Lo spettro di questa debacle si aggira per Hollywood, negli ultimi mesi, perché la Writers Guild of America è nuovamente sul piede di guerra: in questo caso la vertenza non è con i produttori ma con gli agenti, cioè quelli che fanno da mediatori per gli artisti (sceneggiatori compresi), negoziando con le case di produzione e le reti televisive i contratti, i compensi, le percentuali di sfruttamento dei diritti d’autore. Il nodo del problema, esploso al momento di rinegoziare un contratto di categoria rimasto invariato per quarant’anni nonostante i grossi cambiamenti del panorama mediale, sta nel conflitto d’interessi di cui l’ATA, l’associazione degli agenti, è protagonista: è in uso una pratica chiamata packaging, tramite cui gli agenti “forniscono” ai produttori un “pacchetto” di più sceneggiatori in cambio di una percentuale sugli introiti della serie per cui scrivono, fintanto che andrà in onda. Inoltre, sempre più spesso agenti e produttori fanno parte delle medesime macro-società: come possono – chiede il sindacato – negoziare al meglio per i propri clienti, quando sono anche contemporaneamente i loro “datori di lavoro”? La Writers Guild of America ha imposto ai suoi iscritti, in seguito a un ultimatum, di licenziare gli agenti, e, seppur a malincuore, molti l’hanno fatto: nomi celebri come Stephen King o il creatore di The Wire David Simon.
Nel weekend di Pasqua, tanti sceneggiatori e showrunner hanno inondato i social network con immagini delle lettere di licenziamento con cui tagliavano rapporti, magari pluridecennali, con i propri agenti: eppure la situazione pare non essersi ancora sbloccata, e naturalmente c’è chi critica il sindacato per l’incapacità di negoziare.
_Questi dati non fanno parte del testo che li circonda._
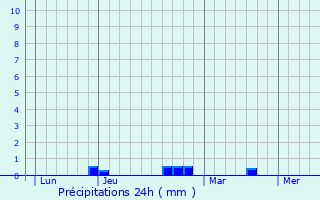 Graphique des précipitations prvues pour Lachapelle-sous-Gerberoy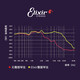 Strings de guitarra eléctrica Elixir 19052/19002 Recubrimiento recubierto de cuerdas anti-almo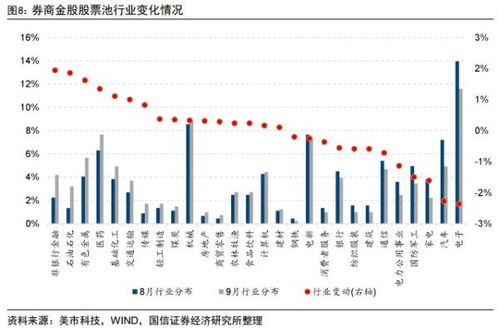 券商股票如何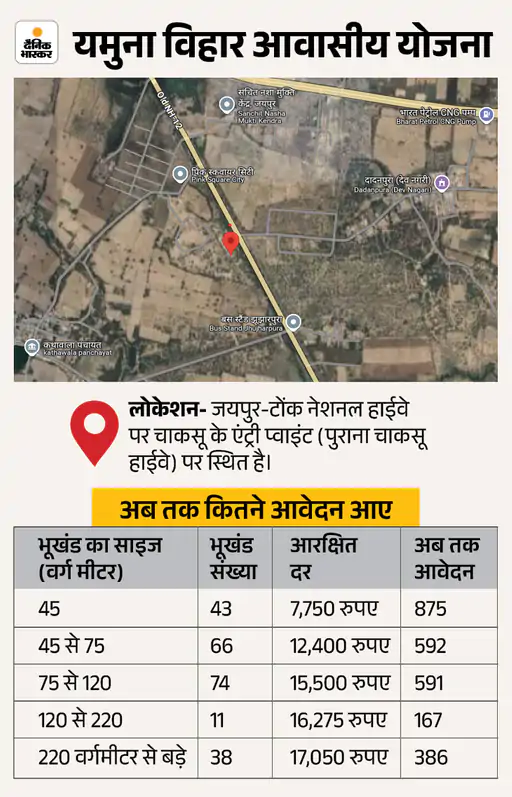 जयपुर में सस्ते प्लॉट का सुनहरा अवसर: JDA की तीन नई योजनाएँ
Rispetto al 2007-2008, il panorama televisivo è profondamente cambiato: ci sono molte più serie per cui scrivere, servono molti più sceneggiatori, e nessuno sa cosa succederà davvero, se il contrasto non si risolve per tempo. C’è pure chi ironizza sul fatto che, con quasi 500 serie l’anno da guardare, una sfoltita non sarebbe così tragica, ma la verità è che l’intera industria dell’intrattenimento potrebbe ritrovarsi paralizzata: per sapere come andrà a finire, possiamo solo aspettare la prossima puntata.